There is one subtle difference you should be aware of. Consider the following queries (using the proverbial NorthWind).

Customers.Where(delegate(Customers c) { return c.City == "London";});
Customers.Where(c => c.City == "London");

The first one uses an anonymous delegate and the second one uses a lambda expression. If you evaluate the results of both you will see the same thing. However, looking at the generated SQL, we'll see quite a different tale. The first generates

SELECT [t0].[CustomerID], [t0].[CompanyName], [t0].[ContactName], [t0].[ContactTitle], [t0].[Address], [t0].[City], [t0].[Region], [t0].[PostalCode], [t0].[Country], [t0].[Phone], [t0].[Fax]
FROM [Customers] AS [t0]

Whereas the second generates

SELECT [t0].[CustomerID], [t0].[CompanyName], [t0].[ContactName], [t0].[ContactTitle], [t0].[Address], [t0].[City], [t0].[Region], [t0].[PostalCode], [t0].[Country], [t0].[Phone], [t0].[Fax]
FROM [Customers] AS [t0]
WHERE [t0].[City] = @p0

Notice in the first case, the where clause is not passed to the database. Why is this? The compiler is able to determine that the lambda expression is a simple single-line expression which can be retained as an expression tree, whereas the anonymous delegate is not a lambda expression and thus not wrappable as an Expression<Func<T>>. As a result in the first case, the best match for the Where extension method is the one that extends IEnumerable rather than the IQueryable version which requires an Expression<Func<T, bool>>.

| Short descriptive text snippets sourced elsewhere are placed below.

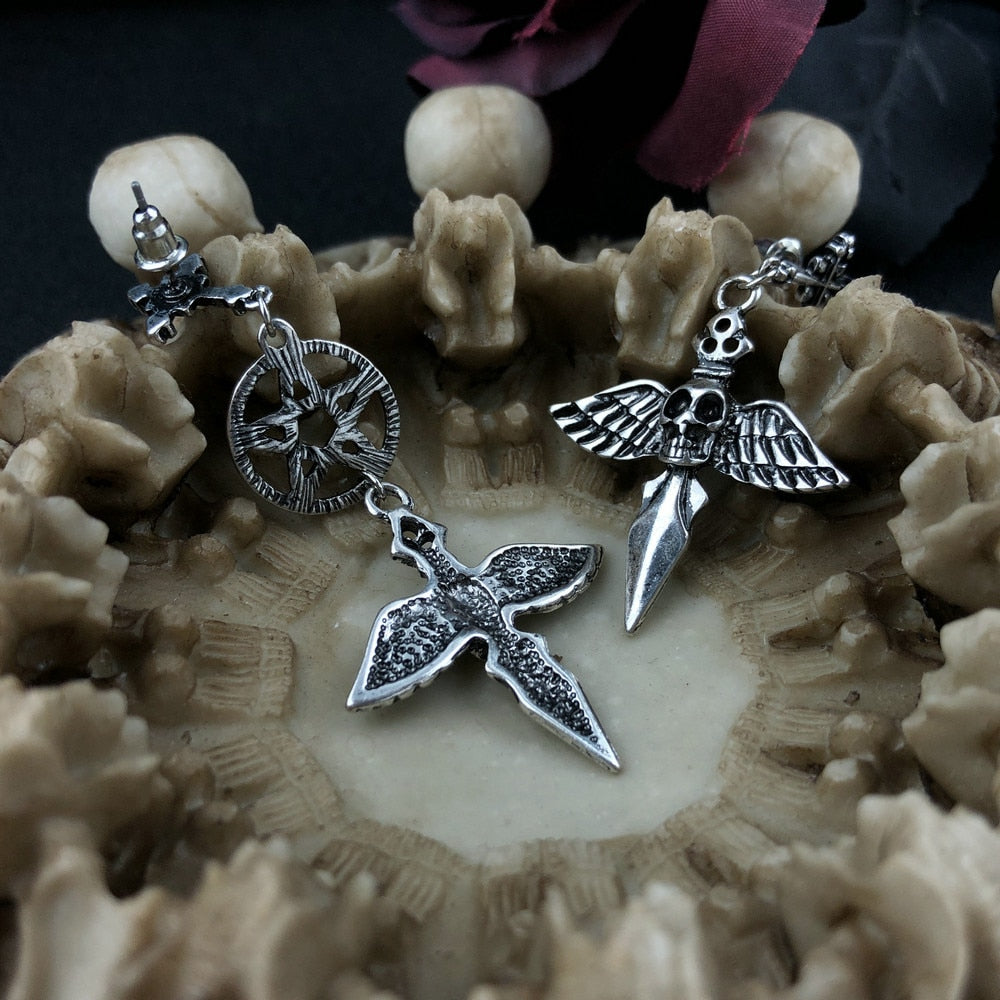 Gothic Halloween Sword Earrings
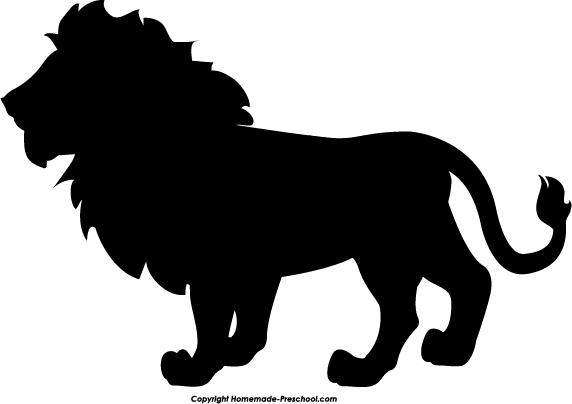 Black lion clipart 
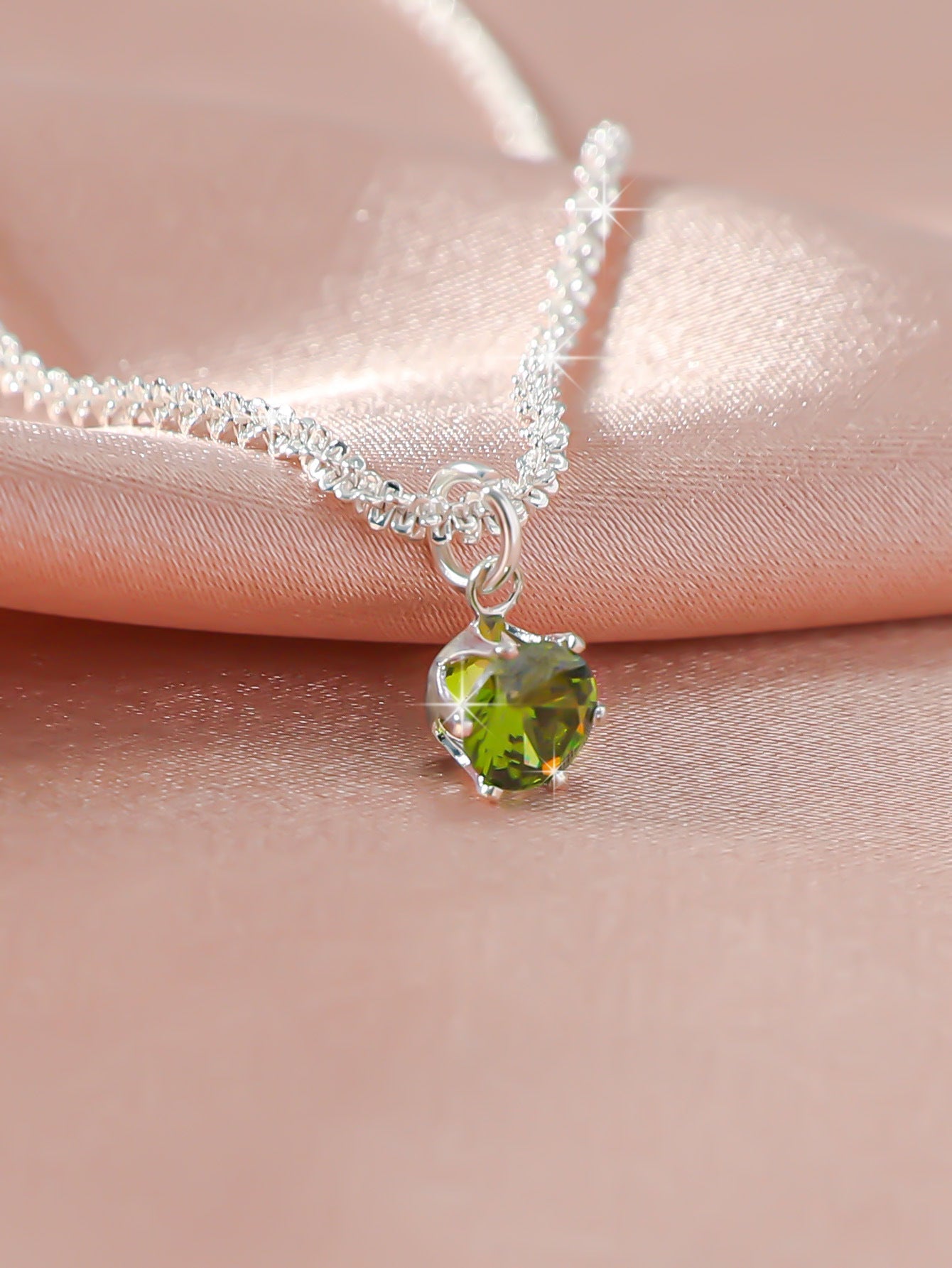 Simple Glitter Double Anklet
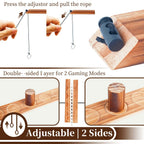 Ring Toss Games for Adults, Patio Decor, Yard Games, Outdoor Indoor Games, Wooden Hook and Ring Game for Bars, Home, Party, Christmas Games (Large)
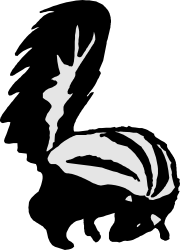 White Rabbit Silhouette Against Black Background - Stunning Clipart Design
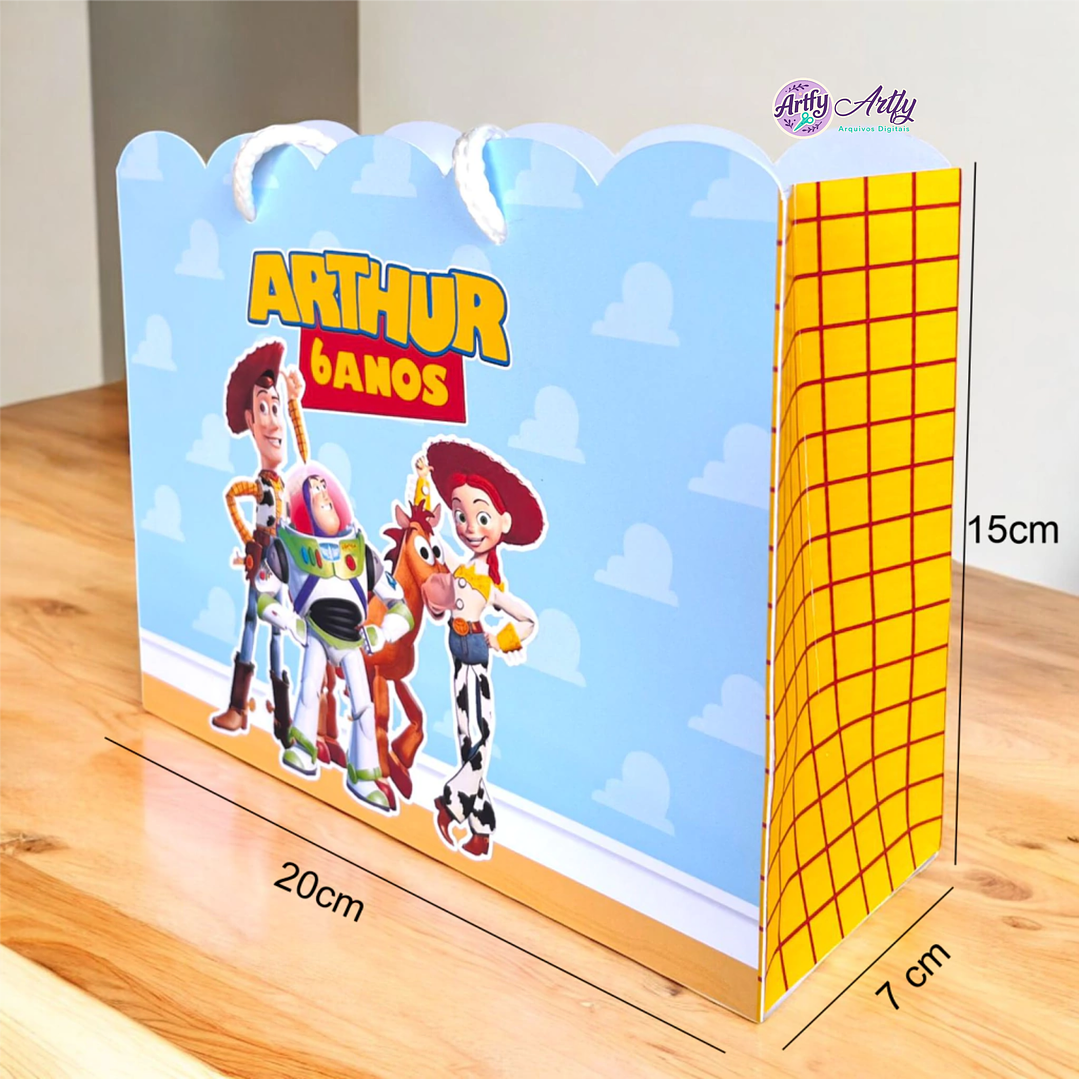 MOLDE SACOLINHA TOY STORY  1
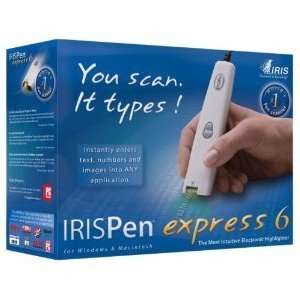   IRISPen   PC and Mac   Handheld Scanner Express 6   OCR Electronics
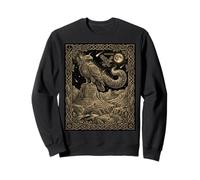 Carte de Tarot Aigle doré céleste Constellation Astro du désert Sweatshirt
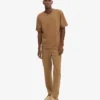 Camiseta oversize de algodón orgánico - Camello del Sáhara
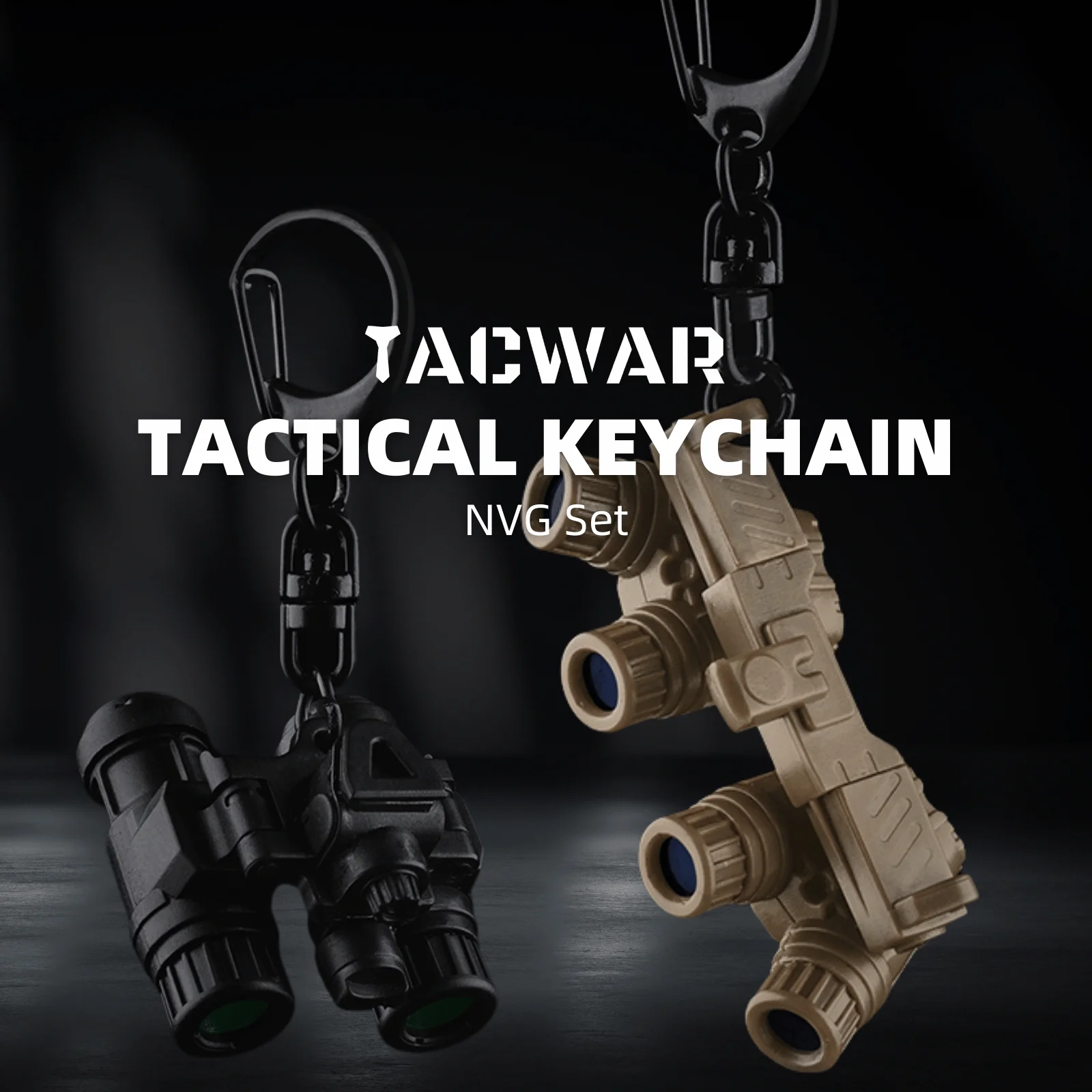 Mini NVG estilo cuatro ojos en formato llavero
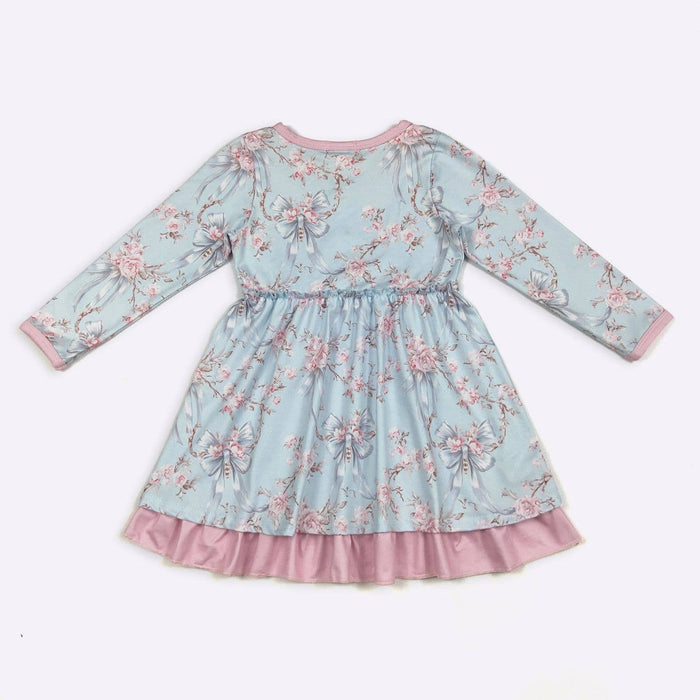 Blue Rose Girls Dress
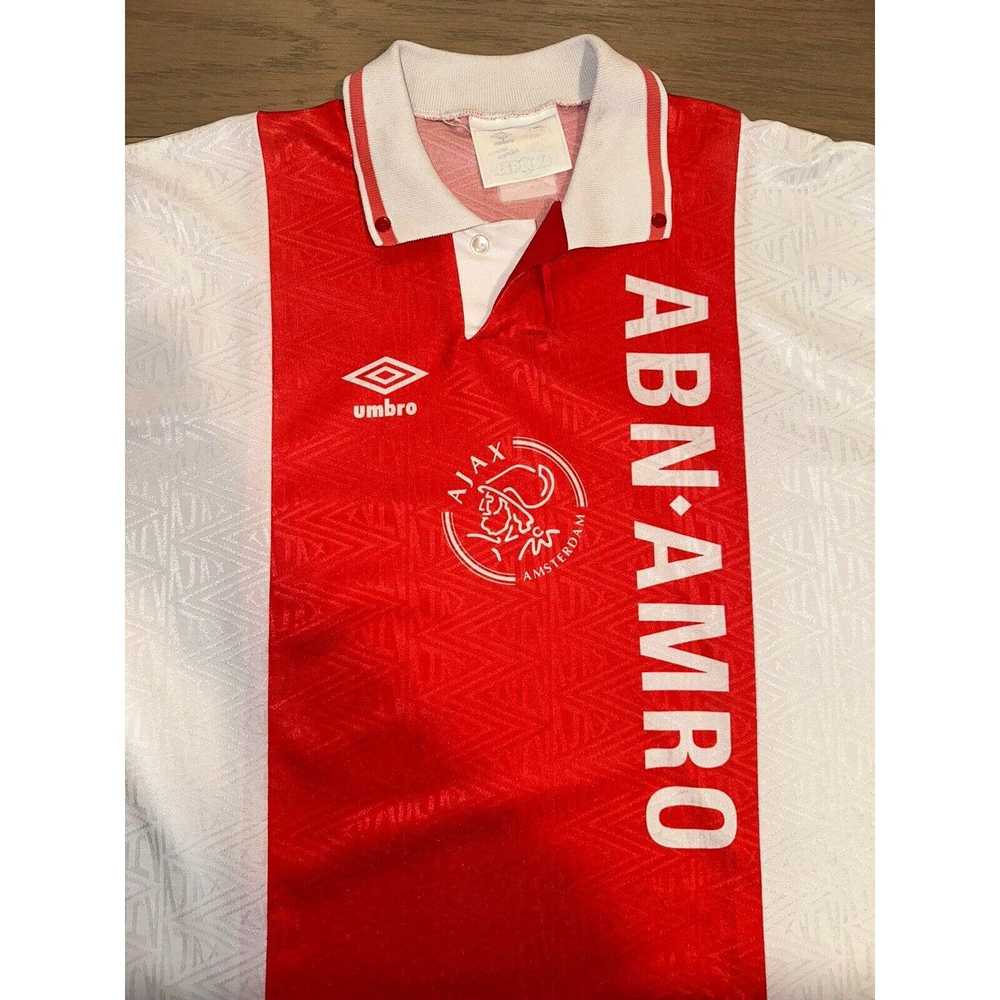 Umbro AJAX 1992 HOME FOOTBALL JERSEY UMBRO VINTAG… - image 2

At this point, there's little use to the anonymous delegate. It's more verbose and less flexible. In general, I would recommend always using the lambda syntax over the anonymous delegate syntax and pick up parsability and syntactic terseness as well.

Question 3

To be precise, what you name 'anonymous delegate' is actually an anonymous method.

Well, both lambdas and anonymous methods are just syntax sugar. The compiler will generate at least a 'normal' method for you, although sometimes (in the case of a closure) it will generate a nested class with the no-longer-anonymous method in it.